■ **The task**: Write each line out exactly, from the one containing "Puede incluir: Una" through the final line of the data, and keep pictures out of the copy.

[Recorded data]

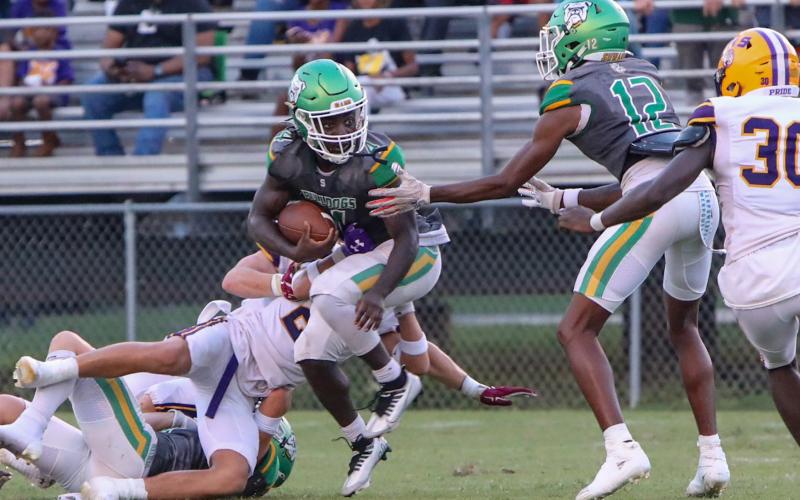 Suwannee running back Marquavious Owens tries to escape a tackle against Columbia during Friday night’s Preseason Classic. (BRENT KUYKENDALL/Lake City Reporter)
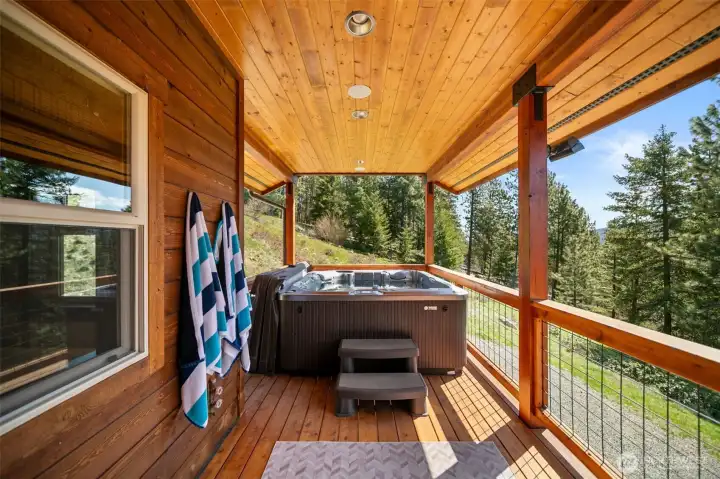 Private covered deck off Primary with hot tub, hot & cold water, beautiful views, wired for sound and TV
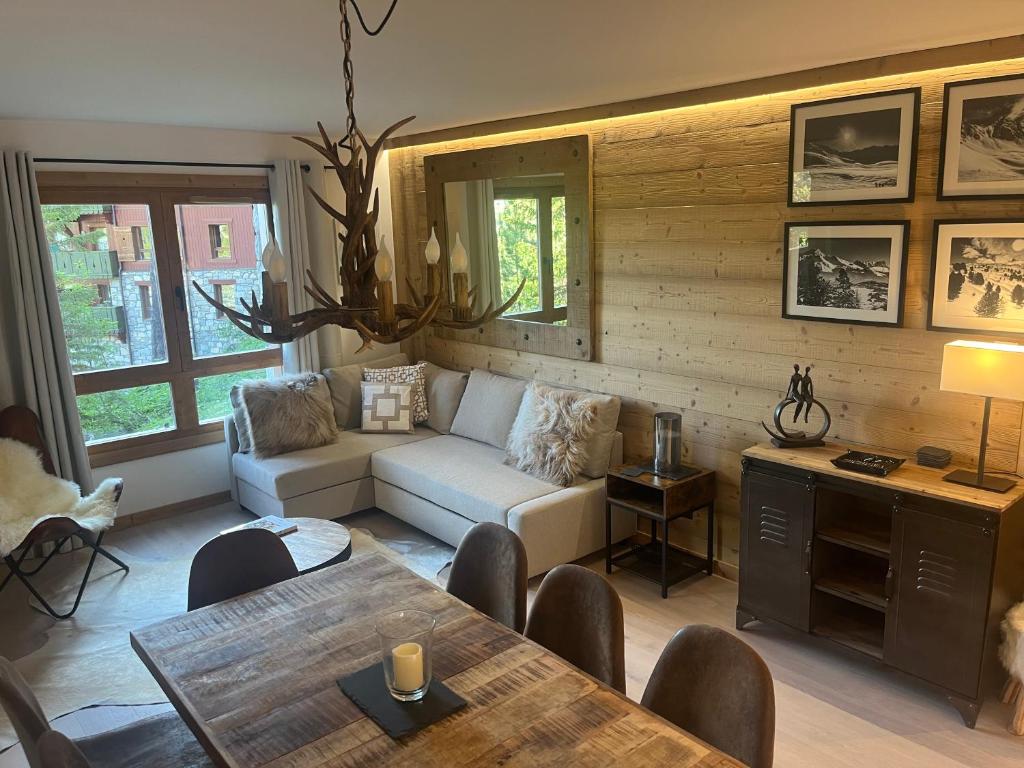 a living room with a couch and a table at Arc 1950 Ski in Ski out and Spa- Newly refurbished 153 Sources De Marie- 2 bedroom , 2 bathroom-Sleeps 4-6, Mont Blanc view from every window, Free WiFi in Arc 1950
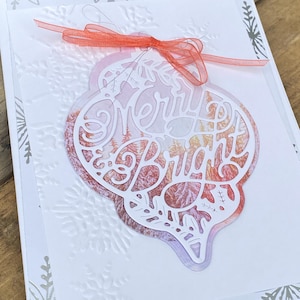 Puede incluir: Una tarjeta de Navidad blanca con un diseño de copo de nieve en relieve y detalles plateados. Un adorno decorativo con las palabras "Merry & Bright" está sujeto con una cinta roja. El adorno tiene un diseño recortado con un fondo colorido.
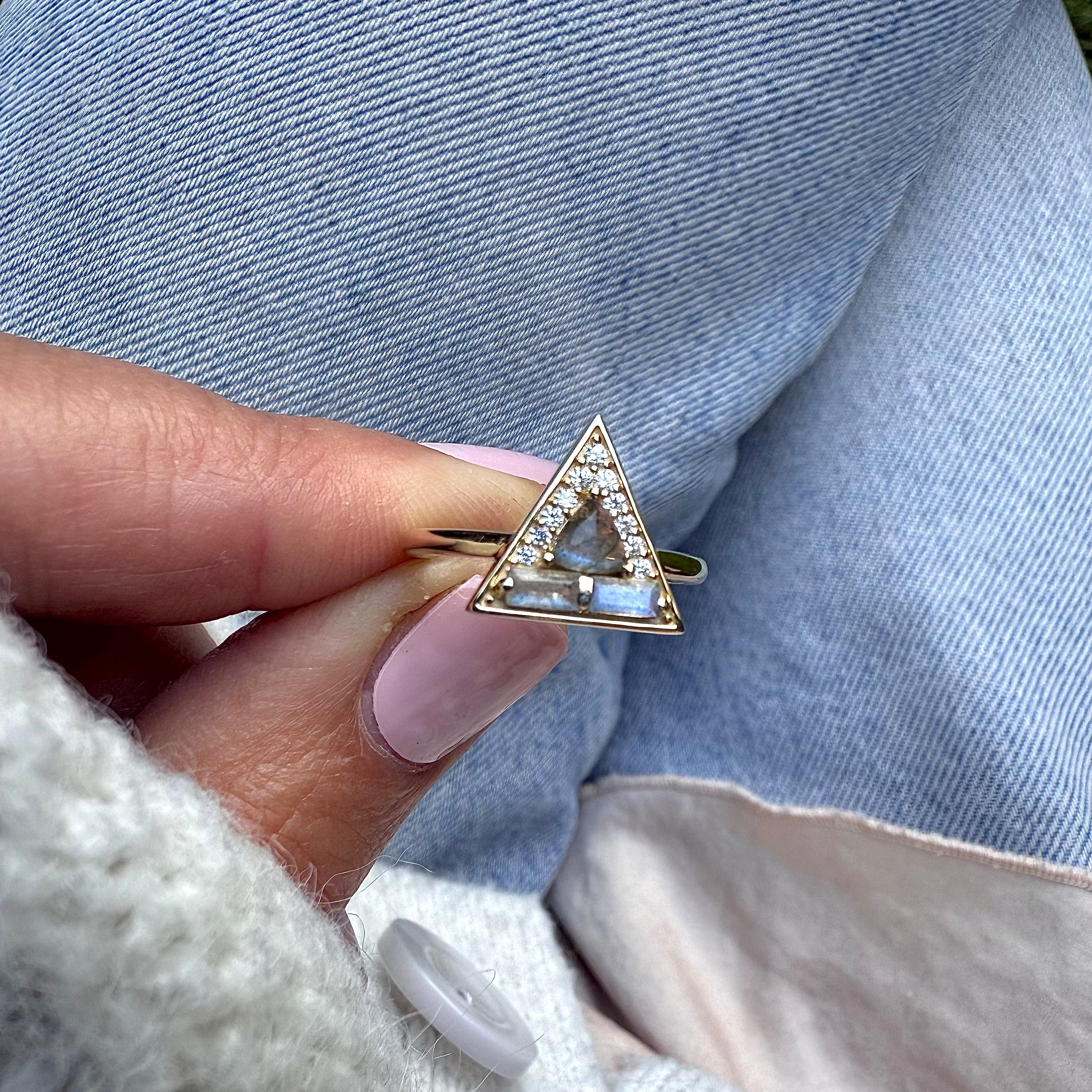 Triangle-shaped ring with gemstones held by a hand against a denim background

■ **Result**:
 Puede incluir: Una tarjeta de Navidad blanca con un diseño de copo de nieve en relieve y detalles plateados. Un adorno decorativo con las palabras "Merry & Bright" está sujeto con una cinta roja. El adorno tiene un diseño recortado con un fondo colorido.
 Triangle-shaped ring with gemstones held by a hand against a denim background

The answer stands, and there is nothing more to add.